Alanis Morissette said recently, when talking about the subject matter of her 1995 phenomenon Jagged Little Pill, “A lot of people would say, ‘Wow. You’re so brave. You’re so empowered. You’re so strong,’ you know? And I’m like, ‘Sometimes.’ I can’t write all these songs without obviously having been disempowered. I mean, half these songs are about attempting to become empowered.”▼ Article continues below ▼
This balance between empowerment and those seeking it – of people striving to be seen and loved as they truly are – permeates both the Jagged Little Pill jukebox musical and now this worthy novel reworking. Readers are immediately drawn into the world of the teen protagonists and their parents, each dealing with various levels of empowerment that will shape their stories in significant ways.
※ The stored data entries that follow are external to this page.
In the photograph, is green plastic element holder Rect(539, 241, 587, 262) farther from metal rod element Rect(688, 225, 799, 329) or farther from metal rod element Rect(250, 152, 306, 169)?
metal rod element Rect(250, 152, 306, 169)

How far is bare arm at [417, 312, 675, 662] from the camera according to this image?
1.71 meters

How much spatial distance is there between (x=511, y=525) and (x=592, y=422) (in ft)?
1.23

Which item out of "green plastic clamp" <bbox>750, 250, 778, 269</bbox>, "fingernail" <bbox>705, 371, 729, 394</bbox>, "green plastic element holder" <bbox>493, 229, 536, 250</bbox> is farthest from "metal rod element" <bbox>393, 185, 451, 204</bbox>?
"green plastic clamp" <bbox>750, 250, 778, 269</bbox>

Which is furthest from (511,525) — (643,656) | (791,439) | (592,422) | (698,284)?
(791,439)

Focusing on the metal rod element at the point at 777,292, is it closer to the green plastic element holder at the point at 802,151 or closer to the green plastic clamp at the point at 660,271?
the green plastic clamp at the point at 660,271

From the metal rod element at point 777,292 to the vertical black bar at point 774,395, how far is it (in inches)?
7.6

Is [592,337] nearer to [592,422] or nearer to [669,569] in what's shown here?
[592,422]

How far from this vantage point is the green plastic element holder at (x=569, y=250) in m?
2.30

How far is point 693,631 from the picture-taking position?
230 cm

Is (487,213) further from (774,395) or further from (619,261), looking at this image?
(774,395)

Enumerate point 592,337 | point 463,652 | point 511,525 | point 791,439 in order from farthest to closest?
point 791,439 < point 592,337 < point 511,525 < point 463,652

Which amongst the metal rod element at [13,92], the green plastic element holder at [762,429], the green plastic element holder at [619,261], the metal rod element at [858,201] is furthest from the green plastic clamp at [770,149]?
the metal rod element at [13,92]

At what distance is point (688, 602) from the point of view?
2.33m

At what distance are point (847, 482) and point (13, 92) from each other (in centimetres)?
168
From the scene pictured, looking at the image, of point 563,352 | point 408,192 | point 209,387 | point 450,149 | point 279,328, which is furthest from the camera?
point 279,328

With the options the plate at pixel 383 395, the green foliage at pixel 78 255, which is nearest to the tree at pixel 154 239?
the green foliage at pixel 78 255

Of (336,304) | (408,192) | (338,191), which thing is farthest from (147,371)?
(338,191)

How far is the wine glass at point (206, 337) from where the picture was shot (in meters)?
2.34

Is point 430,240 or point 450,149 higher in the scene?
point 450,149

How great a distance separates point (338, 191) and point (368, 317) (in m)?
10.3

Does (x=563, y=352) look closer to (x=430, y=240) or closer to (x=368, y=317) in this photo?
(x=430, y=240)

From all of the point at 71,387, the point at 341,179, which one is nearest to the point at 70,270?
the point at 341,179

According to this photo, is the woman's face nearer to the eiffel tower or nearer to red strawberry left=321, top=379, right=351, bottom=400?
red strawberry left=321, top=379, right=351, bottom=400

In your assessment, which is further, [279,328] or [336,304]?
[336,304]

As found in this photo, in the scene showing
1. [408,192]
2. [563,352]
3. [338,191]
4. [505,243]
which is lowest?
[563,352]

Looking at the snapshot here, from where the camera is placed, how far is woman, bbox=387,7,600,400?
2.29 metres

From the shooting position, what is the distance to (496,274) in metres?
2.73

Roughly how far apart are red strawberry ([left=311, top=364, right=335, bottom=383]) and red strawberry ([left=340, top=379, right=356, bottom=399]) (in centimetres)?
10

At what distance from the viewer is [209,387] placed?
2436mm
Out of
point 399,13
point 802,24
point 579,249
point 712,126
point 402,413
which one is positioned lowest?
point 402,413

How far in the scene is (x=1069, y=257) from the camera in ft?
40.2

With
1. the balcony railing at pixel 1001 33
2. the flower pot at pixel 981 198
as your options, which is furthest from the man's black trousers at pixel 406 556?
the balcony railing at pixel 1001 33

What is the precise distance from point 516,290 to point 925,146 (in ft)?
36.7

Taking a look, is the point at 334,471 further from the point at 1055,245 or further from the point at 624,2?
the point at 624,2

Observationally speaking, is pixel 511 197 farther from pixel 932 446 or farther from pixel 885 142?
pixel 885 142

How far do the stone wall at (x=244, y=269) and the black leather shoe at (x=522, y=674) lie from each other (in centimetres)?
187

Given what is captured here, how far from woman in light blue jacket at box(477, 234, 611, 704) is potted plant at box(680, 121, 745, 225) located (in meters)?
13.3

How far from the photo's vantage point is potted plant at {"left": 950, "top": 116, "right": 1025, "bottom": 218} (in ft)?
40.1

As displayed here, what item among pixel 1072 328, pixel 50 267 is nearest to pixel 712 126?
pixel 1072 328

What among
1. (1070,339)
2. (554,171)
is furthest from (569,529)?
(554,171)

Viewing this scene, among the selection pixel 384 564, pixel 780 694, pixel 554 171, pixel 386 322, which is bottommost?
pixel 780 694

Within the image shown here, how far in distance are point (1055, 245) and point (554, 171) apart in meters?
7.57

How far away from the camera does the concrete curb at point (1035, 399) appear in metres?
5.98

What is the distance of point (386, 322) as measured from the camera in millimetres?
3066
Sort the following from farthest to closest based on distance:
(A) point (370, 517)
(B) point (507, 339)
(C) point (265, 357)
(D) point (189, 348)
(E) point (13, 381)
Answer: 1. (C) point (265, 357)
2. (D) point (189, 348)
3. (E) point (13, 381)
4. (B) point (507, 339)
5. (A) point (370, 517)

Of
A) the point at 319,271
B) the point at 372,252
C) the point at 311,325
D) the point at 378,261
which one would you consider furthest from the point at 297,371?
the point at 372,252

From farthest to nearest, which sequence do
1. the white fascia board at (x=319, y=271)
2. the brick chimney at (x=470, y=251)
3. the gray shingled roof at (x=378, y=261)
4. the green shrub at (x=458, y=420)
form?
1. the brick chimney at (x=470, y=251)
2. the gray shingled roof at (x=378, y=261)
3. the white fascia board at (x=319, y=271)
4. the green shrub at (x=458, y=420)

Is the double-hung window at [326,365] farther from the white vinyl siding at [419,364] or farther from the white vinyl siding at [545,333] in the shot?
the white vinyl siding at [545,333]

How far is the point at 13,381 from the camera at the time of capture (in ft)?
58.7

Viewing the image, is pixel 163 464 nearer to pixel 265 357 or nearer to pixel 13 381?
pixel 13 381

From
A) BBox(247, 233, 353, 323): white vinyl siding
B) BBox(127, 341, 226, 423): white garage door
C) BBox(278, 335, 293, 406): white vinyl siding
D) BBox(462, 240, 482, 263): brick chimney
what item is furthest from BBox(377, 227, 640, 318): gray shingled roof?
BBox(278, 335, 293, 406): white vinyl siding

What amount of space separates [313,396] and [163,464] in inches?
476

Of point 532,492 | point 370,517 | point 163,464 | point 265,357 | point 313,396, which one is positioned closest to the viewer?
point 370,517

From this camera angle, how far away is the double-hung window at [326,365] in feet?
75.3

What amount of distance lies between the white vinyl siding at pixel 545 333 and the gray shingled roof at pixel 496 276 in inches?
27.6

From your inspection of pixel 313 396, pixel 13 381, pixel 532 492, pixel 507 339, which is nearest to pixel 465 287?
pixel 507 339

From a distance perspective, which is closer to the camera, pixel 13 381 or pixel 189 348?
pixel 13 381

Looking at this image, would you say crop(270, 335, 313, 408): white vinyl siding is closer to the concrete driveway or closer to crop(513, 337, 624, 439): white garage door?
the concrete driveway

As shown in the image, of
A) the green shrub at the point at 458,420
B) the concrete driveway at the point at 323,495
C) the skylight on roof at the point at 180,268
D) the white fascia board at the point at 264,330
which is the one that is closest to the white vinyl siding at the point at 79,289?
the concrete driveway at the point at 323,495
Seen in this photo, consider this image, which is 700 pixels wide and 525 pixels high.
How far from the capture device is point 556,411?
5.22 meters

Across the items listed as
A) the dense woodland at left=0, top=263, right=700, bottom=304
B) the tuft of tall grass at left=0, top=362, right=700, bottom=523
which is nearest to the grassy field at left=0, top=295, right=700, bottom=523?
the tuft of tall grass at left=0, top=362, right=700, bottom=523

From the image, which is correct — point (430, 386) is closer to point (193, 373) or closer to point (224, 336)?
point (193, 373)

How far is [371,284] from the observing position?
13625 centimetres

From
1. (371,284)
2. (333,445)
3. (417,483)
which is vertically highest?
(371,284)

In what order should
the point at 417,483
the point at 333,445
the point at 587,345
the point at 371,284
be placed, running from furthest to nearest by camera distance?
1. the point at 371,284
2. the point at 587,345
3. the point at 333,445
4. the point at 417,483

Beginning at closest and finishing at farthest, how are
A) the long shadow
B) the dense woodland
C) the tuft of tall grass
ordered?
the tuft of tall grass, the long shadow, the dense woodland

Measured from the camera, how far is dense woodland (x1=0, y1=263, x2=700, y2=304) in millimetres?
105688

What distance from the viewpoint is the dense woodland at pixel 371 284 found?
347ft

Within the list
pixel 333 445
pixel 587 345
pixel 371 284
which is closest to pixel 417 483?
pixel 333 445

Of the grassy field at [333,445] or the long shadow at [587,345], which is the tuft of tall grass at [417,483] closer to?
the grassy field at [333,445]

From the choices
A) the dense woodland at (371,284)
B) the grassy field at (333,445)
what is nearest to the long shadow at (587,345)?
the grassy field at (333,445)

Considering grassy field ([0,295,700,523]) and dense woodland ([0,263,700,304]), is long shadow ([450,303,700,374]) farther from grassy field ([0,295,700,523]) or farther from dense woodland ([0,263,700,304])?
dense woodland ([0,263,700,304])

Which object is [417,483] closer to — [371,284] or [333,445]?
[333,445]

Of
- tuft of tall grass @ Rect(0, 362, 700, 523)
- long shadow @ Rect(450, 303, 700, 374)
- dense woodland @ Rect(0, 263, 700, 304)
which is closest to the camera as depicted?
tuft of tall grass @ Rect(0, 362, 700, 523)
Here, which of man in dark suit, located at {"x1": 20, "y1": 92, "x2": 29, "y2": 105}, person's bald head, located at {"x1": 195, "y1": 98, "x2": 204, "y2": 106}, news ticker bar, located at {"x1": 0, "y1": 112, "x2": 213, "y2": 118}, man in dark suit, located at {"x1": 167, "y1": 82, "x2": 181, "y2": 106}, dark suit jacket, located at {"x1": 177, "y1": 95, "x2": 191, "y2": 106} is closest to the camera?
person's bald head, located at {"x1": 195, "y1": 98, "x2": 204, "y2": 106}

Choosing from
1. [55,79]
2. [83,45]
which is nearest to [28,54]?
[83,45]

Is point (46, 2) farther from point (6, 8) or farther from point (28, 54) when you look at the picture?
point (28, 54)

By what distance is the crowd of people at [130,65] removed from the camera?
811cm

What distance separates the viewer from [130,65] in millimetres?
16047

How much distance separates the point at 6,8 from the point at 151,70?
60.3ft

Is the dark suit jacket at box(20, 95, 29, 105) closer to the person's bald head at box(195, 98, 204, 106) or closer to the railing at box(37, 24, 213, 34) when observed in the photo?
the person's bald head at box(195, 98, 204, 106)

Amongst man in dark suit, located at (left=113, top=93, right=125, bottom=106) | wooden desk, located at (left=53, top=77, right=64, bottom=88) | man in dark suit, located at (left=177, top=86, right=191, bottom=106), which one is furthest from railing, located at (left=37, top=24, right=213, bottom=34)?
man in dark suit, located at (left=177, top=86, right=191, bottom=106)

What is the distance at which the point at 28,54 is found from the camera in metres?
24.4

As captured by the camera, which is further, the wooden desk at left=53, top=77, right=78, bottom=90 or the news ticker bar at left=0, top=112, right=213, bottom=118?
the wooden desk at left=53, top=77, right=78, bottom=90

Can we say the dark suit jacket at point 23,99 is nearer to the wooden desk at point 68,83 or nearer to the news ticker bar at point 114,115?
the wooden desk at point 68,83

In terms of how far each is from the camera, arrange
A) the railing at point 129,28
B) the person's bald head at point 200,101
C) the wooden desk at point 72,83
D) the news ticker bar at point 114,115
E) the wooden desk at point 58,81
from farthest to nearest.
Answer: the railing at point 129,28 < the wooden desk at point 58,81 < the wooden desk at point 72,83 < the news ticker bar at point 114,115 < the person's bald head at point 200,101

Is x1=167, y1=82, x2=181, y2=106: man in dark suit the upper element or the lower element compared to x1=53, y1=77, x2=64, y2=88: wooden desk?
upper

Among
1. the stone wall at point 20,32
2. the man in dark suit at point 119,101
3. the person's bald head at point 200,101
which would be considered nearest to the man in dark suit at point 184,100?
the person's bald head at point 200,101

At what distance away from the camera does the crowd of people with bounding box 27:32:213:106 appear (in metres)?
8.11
Author Eric Smith, working from Diablo Cody’s framework from the musical, does a masterful job intertwining the narratives and raising the stakes of each interaction. The book seamlessly switches perspectives from Frankie (an outsider adoptee filled with passion and confusion in equal measure); Nick (Frankie’s “perfect” brother cracking under pressure); Jo (Frankie’s best friend with benefits, navigating identity and expectations); Phoenix (the new kid in town, dealing with grown-up responsibilities); and Bella (re-discovering her voice and power after losing both).
That each of these characters – along with Frankie and Nick’s struggling parents – feel fully realized is a considerable feat. An assault on Bella at a party sets the plot in motion, but it’s the characters who stand out. By using rotating first-person chapters, text messages, and poetry, Smith is able to reveal interior lives, motivations, and contradictions as each person interacts with one another up against conflict both minor and life-shattering.
Fans of Morissette will catch allusions to her lyrics in overt and subtle ways, and once again Smith makes the most of the material, evoking the heart of classics from the Jagged Little Pill record and other songs from the musical without being trite or cheesy. It’s a tough needle to thread, and it works here in surprisingly impactful ways.
As Morissette’s opening quote suggests, her songs resonate with so many because listeners feel seen in her lyrics – and thus empowered by them. That this book can do the same without a musical accompaniment speaks volumes of Smith’s skills as a writer, Morissette and Glen Ballard’s emotion-packed ideas, and Cody’s remarkable story.
It’s a powerful combination, and one that will stick with readers long after the cover closes and the music fades.